#### About this task
What is needed is an exact transcription of every record, minus the pictures.

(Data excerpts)
::::::::::

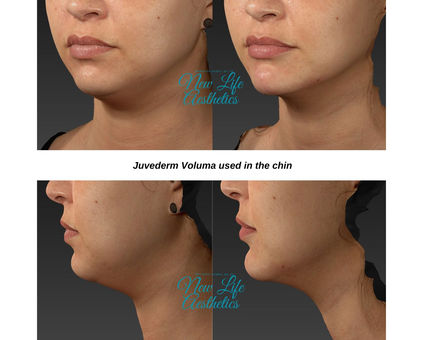 Juvederm Filler Treatment Raleigh NC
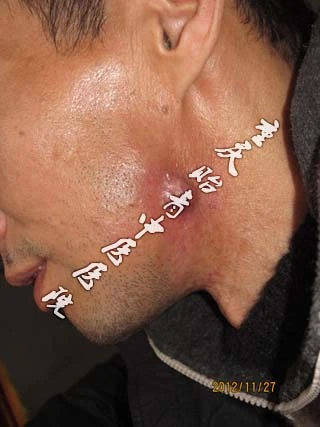 左下颌骨髓炎患者蒉先生左侧脸反复肿胀疼痛6月余,伴破溃流脓3月余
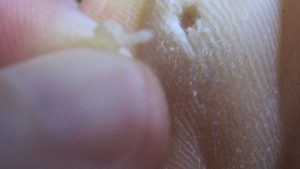 魚の目（ウオノメ）の芯を指で抜き取る衝撃の瞬間を撮影した写真
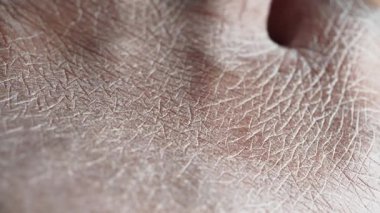 Ayrıntılı kuru desenli cildin yakın plan görüntüsü.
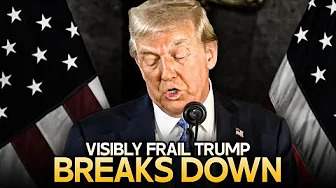 Visibly Frail Trump Cries About Having To Work So Much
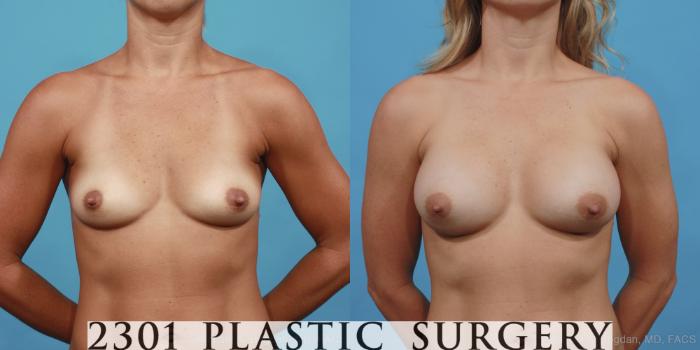 Before & After Silicone Implants Case 428 View #1 View in Fort Worth, Plano, & Frisco, Texas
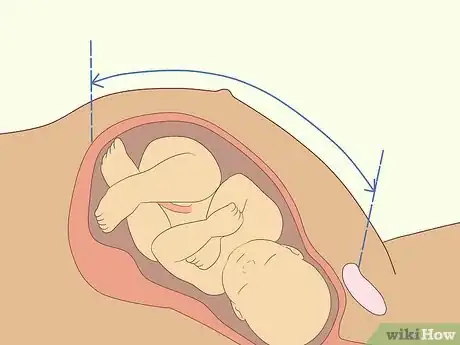 Imagen titulada Measure Fundal Height Step 6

::::::::::

#### Output for this exercise
 Juvederm Filler Treatment Raleigh NC
 左下颌骨髓炎患者蒉先生左侧脸反复肿胀疼痛6月余,伴破溃流脓3月余
 魚の目（ウオノメ）の芯を指で抜き取る衝撃の瞬間を撮影した写真
 Ayrıntılı kuru desenli cildin yakın plan görüntüsü.
 Visibly Frail Trump Cries About Having To Work So Much
 Before & After Silicone Implants Case 428 View #1 View in Fort Worth, Plano, & Frisco, Texas
 Imagen titulada Measure Fundal Height Step 6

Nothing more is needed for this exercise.